In Experimental Phase

How much is a word worth? How much a look? How much a silence?

In experimental phase

How much a gesture? Is there a way to objectively quantify your impact on another? Can its effect be measured? Should we restrict our activity to the “purely scientific”?

It is obvious that mental problems have an organic and biochemical facet. It would be foolish to try to renounce the benefits that adequate medication can provide us. But it is also true that the patient needs something more than that. And I think that this other one is closer to a creative process (sometimes something artistic but not necessarily), and less to something measurable or quantifiable. Could anyone question the transformative power of a given novel for a given person? Or a song? Or from a movie? Does it occur to anyone to try quantify the change they have produced in us and then classify them as effective, probably effective, in the experimental phase, etc.? Of course theory and technique are important, but is it possible to reduce the transformative power that is produced (or not) in the other to a few writing techniques or a harmonic sequence?

shutterstock-579045787.jpg

The inheritance passed down

A few years ago my father wrote a beautiful novel with autobiographical overtones in which the protagonist said that one of the things he had always tried to do with his children had been play with them as much as possible. I have that memory of my father, and I am infinitely grateful to him. He now plays with his grandchildren.
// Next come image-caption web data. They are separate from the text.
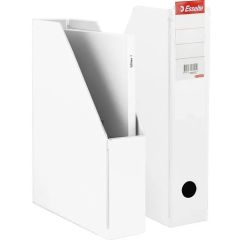 Porte-revues - Dos de 70 mm - Blanc : ESSELTE Vivida Visuel
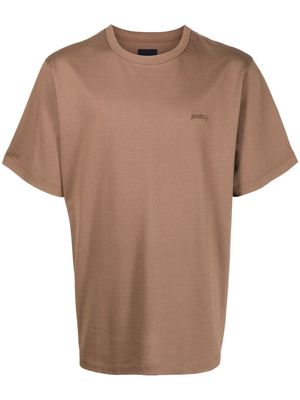 Juun.J logo-print T-shirt - Brown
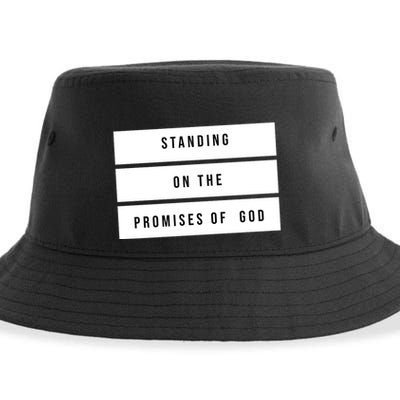 Standing On The Promises Of God Sustainable Bucket Hat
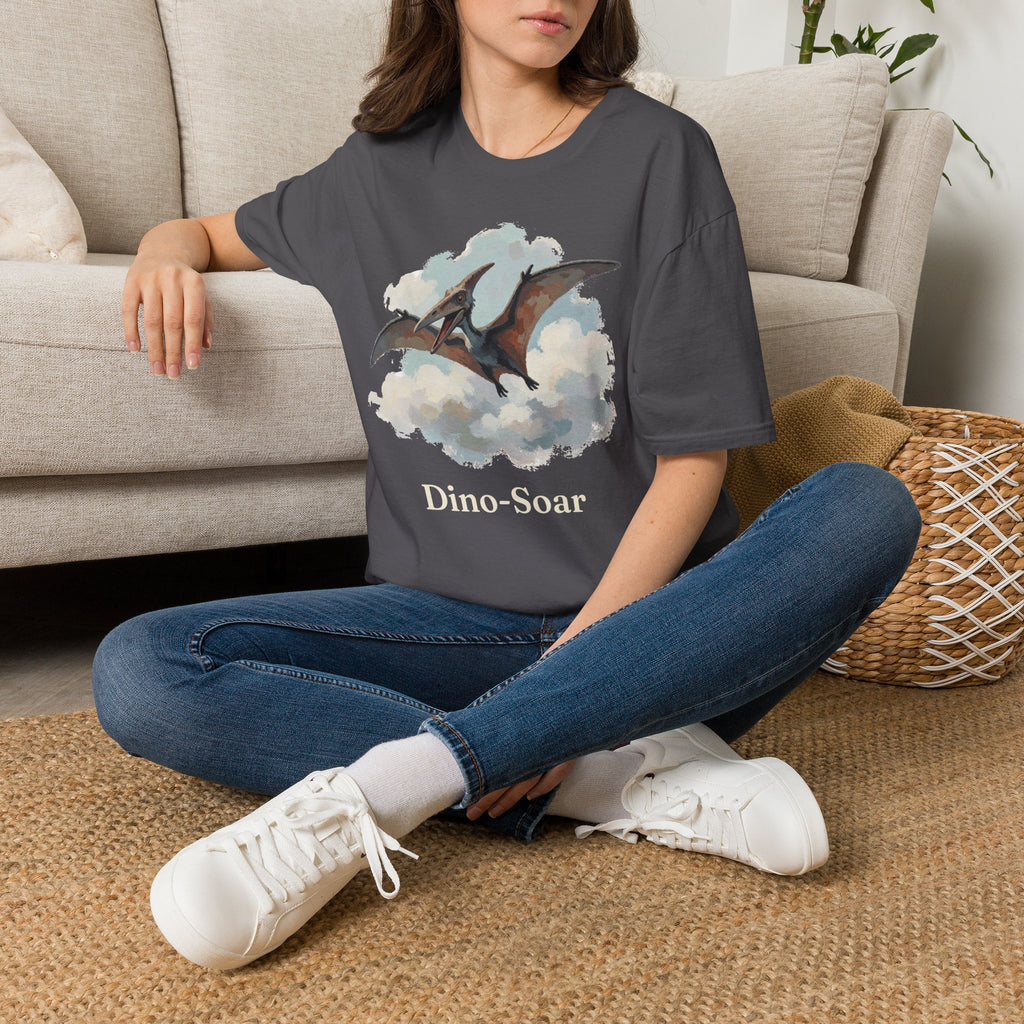 Dino-Soar T-Shirt — Cute Flying Pterodactyl Pun Graphic Tee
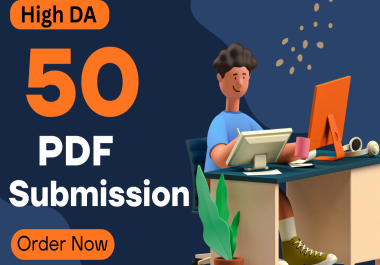 50 PDF Submission Service for Backlinks and SEO Growth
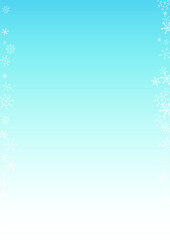 Gray Snow Vector Blue Background. Holiday Snowflake Illustration. White Abstract Backdrop. magic Snowfall Banner.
And me with my son. All I can. Because, in fact, I believe that he is one of the inheritances healthier, physically and mentally, than we can leave.

You may be interested:  Guide to Understanding Jacques Lacan

Psychotherapy, as Winnicott said, is also “related to two people who they play togetherand when the game is not possible, the psychologist’s work is
guide to take the patient from a state in which he cannot play to one in which it is possible to do so. That playing always has something to do with a creative experienceand it is likely that creativity cannot be taught, it is, rather, about generating the conditions that make its possible. deploymentwhich almost inevitably leads to dismantling those repetitive configurations in which we are immersed and building new experiences.